In the context of an area which has been under cultivation for a century, the landscape appears to be intact. The associated buildings also appear to be intact but are generally dilapidated and structurally unsound.

== Heritage listing ==
The Arncliffe Chinese Market Gardens are of high significance for their association with the Chinese community and their demonstration of a continuous pattern of land usage since the late nineteenth century. They are one of only three such surviving market gardens in the Inner Sydney region and one of few similar surviving examples in the Sydney Metropolitan Region.

Arncliffe Market Gardens was listed on the New South Wales State Heritage Register on 2 April 1999 having satisfied the following criteria.

The place is important in demonstrating the course, or pattern, of cultural or natural history in New South Wales.

The Arncliffe Market Gardens are of historical significance for their demonstration of a continuous pattern of land use since the late nineteenth century. They are also of significance for their association with the development of local industry and for their association with early Chinese immigration and the influence of ethnic communities on local industry.

The place is important in demonstrating aesthetic characteristics and/or a high degree of creative or technical achievement in New South Wales.

The Arncliffe Market gardens are of aesthetic significance as an important area of productive open space, providing visual variety from the other types of open space in the area.

The place has strong or special association with a particular community or cultural group in New South Wales for social, cultural or spiritual reasons.

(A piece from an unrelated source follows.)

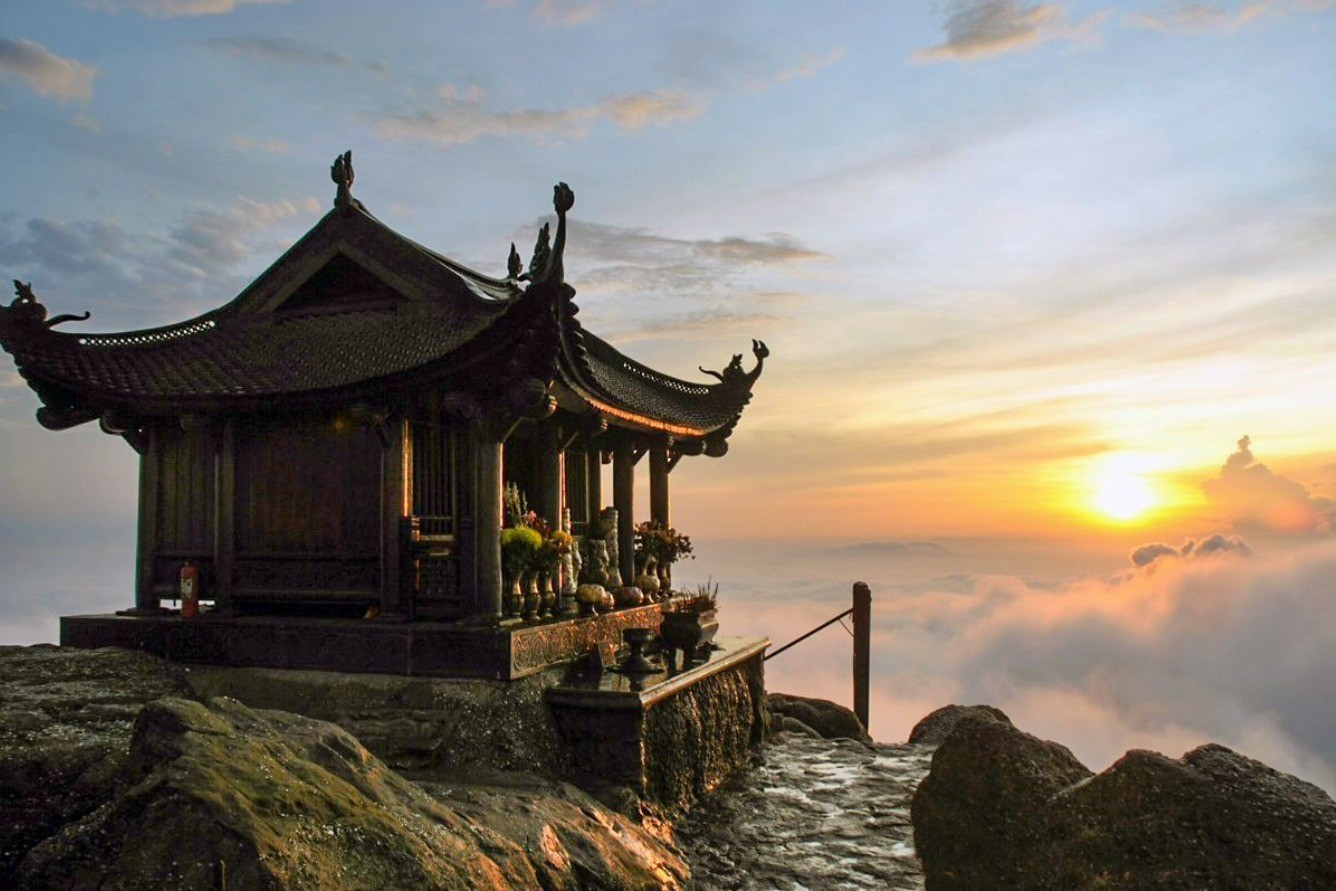 le-hoi-yen-tu-quang-ninh-2.jpg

The Arncliffe Market Gardens are of high social significance for their association with early ethnic communities, especially Chinese, and for the role they have played in helping to feed the local and regional population, particularly during the Inter-War, Depression and Post-War periods.

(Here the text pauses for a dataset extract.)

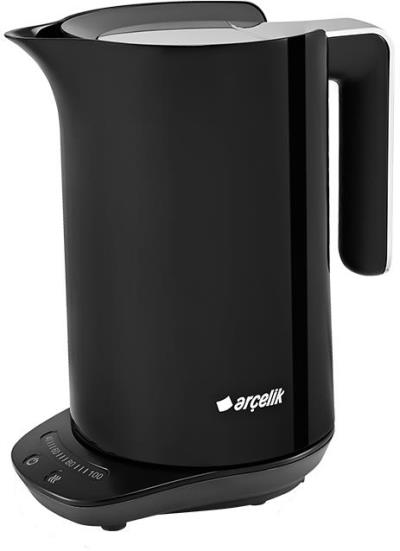 کتری برقی آرچلیک مدل K 8305 KL IN LOVE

The place has potential to yield information that will contribute to an understanding of the cultural or natural history of New South Wales.

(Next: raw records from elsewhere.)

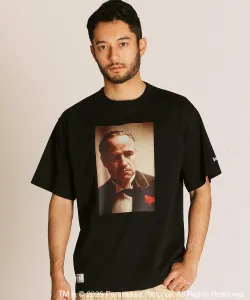 Крестный отец / Это дело, а не личное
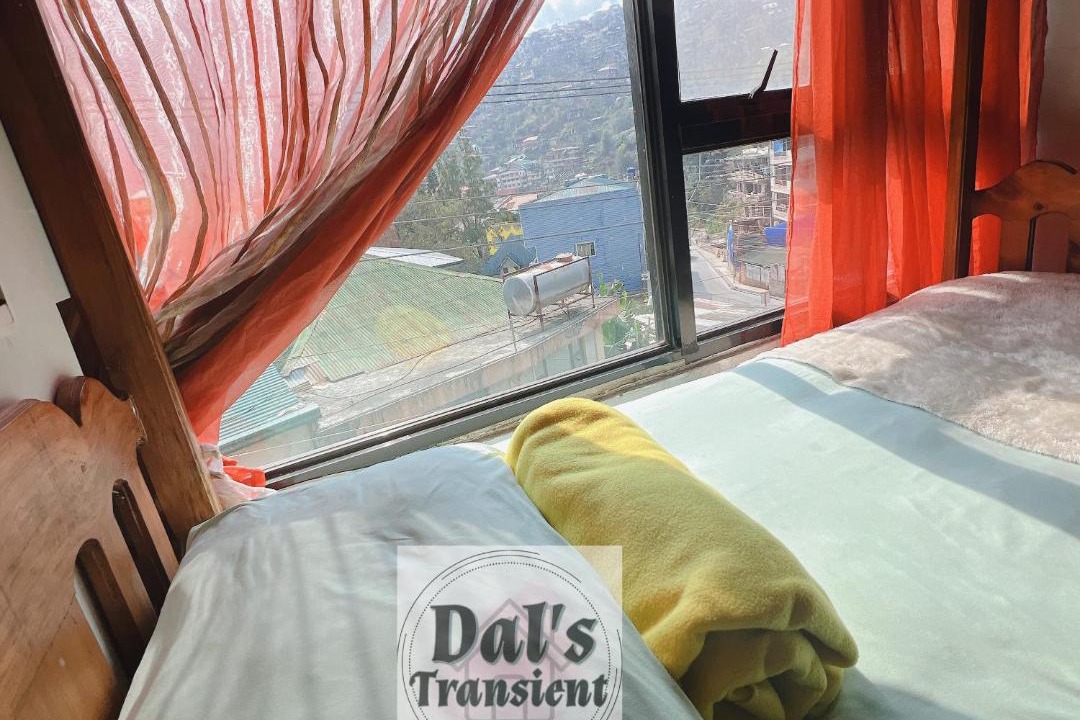 Photo of Others in Baguio
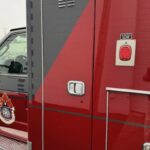 Muncie Fire Department  |  Muncie, IN - Image 10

The Arncliffe Market Gardens have some technical/research significance for demonstrating early market gardening practices, particularly through the extant structure on the site relating to previous uses and remnant gardening equipment.

The place possesses uncommon, rare or endangered aspects of the cultural or natural history of New South Wales.

Market gardens such as this are becoming increasingly rare and the Arncliffe Market Gardens are of particular importance for their demonstration of a continuing pattern of usage from the late nineteenth century through to the 1930s.

The place is important in demonstrating the principal characteristics of a class of cultural or natural places/environments in New South Wales.

Whilst there are market gardens elsewhere in the metropolitan region, there are few that have been used continually as these have.